By Siegfried Mortkowitz

Soudal–Quick-Step’s Tim Merlier continued the bright start to his season by winning Wednesday’s sprinter-friendly Nokere Koerse for a third consecutive year. Fabio Jakobsen (DSM-Firmenich-PostNL) finished second and last year’s Tour de France Škoda Green Jersey winner, Jasper Philipsen (Alpecin-Deceuninck), was third.

The 31-year-old Belgian came out on top after a chaotic finish in which, in trying to avoid running into another rider, he bumped into Philipsen’s Alpecin-Deceuninck teammate Jonas Rickaert and set off a mass crash. “My chain came off for a moment, so it was a bit of a panic,” he said after the race. Once he fixed the problem, he began a long, powerful sprint from the start of the brief final climb,  which his rivals could not match. “Suddenly, I got into the slipstream and I saw a gap,” he explained. “I thought I’ll try it from afar like the previous two years and then we’ll see.”

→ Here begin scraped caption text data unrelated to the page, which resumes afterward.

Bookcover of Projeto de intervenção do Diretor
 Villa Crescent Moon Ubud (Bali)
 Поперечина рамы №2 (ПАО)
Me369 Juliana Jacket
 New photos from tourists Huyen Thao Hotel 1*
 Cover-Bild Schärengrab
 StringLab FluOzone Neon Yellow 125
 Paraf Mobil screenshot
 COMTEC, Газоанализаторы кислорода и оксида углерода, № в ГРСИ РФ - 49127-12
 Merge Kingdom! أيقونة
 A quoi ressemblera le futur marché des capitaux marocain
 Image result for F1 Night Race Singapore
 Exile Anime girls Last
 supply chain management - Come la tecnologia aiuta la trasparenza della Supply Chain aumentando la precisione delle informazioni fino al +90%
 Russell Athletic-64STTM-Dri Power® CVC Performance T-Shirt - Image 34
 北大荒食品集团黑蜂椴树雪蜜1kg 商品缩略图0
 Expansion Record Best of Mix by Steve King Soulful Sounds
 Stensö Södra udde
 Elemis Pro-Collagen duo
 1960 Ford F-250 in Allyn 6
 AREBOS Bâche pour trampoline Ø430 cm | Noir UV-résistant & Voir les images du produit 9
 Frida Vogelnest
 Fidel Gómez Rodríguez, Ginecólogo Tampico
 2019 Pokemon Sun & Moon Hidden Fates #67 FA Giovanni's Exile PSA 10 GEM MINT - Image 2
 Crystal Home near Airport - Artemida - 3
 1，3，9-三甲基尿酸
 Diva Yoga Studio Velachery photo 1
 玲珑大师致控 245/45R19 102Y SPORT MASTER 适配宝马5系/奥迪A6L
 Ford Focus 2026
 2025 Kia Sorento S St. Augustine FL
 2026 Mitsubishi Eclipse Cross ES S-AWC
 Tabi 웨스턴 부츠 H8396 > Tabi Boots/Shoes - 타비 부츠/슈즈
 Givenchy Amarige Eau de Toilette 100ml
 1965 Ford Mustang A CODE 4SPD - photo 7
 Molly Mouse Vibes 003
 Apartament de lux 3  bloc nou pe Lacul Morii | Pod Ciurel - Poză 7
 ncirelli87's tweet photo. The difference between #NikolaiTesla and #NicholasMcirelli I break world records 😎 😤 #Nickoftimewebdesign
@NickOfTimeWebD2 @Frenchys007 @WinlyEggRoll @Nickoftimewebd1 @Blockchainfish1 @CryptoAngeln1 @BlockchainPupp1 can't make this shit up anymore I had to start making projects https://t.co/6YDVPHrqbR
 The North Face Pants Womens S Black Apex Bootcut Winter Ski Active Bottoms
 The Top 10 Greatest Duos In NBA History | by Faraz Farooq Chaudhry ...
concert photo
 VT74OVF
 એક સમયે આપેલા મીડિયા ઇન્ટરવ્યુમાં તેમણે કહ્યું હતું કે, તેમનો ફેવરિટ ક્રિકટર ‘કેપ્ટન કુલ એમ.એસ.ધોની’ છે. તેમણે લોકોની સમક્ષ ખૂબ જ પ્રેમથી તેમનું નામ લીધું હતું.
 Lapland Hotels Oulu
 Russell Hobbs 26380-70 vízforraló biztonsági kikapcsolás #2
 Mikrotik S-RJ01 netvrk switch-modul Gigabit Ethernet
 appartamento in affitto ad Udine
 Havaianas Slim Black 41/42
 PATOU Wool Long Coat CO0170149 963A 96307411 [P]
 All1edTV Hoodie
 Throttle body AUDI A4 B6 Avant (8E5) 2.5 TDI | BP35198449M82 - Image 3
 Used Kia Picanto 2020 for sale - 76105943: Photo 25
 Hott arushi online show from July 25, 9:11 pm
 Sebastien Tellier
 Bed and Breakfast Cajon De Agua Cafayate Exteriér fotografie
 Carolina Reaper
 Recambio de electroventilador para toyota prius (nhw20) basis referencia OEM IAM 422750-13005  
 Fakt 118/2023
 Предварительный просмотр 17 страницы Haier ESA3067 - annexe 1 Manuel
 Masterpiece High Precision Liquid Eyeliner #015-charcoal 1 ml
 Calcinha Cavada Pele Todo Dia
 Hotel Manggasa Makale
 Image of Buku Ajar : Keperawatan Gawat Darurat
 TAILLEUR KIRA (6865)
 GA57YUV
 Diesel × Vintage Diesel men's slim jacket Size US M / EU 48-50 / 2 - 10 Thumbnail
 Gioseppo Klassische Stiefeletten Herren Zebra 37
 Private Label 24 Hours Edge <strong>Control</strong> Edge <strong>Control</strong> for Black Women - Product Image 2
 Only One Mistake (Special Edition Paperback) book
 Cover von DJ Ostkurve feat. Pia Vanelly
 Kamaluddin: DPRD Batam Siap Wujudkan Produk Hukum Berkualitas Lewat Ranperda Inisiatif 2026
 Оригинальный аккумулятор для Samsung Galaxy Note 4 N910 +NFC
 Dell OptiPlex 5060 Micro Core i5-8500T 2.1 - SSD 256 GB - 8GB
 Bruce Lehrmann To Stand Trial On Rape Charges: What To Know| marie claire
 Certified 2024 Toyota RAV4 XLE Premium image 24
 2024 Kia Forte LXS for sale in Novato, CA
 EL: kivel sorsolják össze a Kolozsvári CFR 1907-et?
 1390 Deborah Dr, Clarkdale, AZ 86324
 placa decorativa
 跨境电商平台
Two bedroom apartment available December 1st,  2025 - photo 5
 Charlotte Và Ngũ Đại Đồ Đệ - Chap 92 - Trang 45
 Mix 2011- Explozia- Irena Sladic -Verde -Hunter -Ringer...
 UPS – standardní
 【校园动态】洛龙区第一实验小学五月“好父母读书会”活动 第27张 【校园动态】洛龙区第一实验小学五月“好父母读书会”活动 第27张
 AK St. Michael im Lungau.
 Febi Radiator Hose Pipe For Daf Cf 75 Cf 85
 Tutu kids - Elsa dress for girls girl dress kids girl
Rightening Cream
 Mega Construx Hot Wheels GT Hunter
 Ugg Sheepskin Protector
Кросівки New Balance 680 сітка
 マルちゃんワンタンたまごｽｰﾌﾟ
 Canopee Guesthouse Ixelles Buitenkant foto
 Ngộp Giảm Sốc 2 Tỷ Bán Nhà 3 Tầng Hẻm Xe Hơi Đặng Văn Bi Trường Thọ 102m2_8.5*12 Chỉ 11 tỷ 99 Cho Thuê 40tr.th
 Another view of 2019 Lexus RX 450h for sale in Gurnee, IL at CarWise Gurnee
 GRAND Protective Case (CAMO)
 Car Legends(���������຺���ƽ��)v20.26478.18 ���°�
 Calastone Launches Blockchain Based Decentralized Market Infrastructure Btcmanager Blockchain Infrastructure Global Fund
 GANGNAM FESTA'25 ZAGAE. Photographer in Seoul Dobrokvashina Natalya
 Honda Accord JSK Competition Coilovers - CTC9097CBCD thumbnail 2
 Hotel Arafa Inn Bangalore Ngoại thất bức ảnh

The win was Merlier’s sixth of the young season after he won two stages at the AlUla Tour and three stages at the UAE Tour. He looks to be in the form of his life and may be strong enough to be a green jersey factor at the coming Grand Tours.

But he’s not the only sprinter who has enjoyed a great start to the season. Lidl Trek’s 23-year-old sprinter Jonathan Milan has won three stages, including two impressive victories at the recent Tirreno-Adriatico where he won the race’s green jersey over the likes of Milan, Philipsen and Israel–Premier Tech’s Corbin Strong.

Jonathan Milan
Jonathan Milan celebrates his win of the final stage during the 2024 Tirreno – Adriatico. © Profimedia

And then there is 22-year-old Olav Kooij of all-conquering Visma–Lease a Bike who has won the Clasica de Almeria, a stage of the UAE Tour, and two stages at Paris-Nice where he outlasted the veterans Mads Pedersen (Lidl-Trek), Michael Mathews (Jayco AlUla) and Sam Bennett (Decathlon AG2R La Mondiale).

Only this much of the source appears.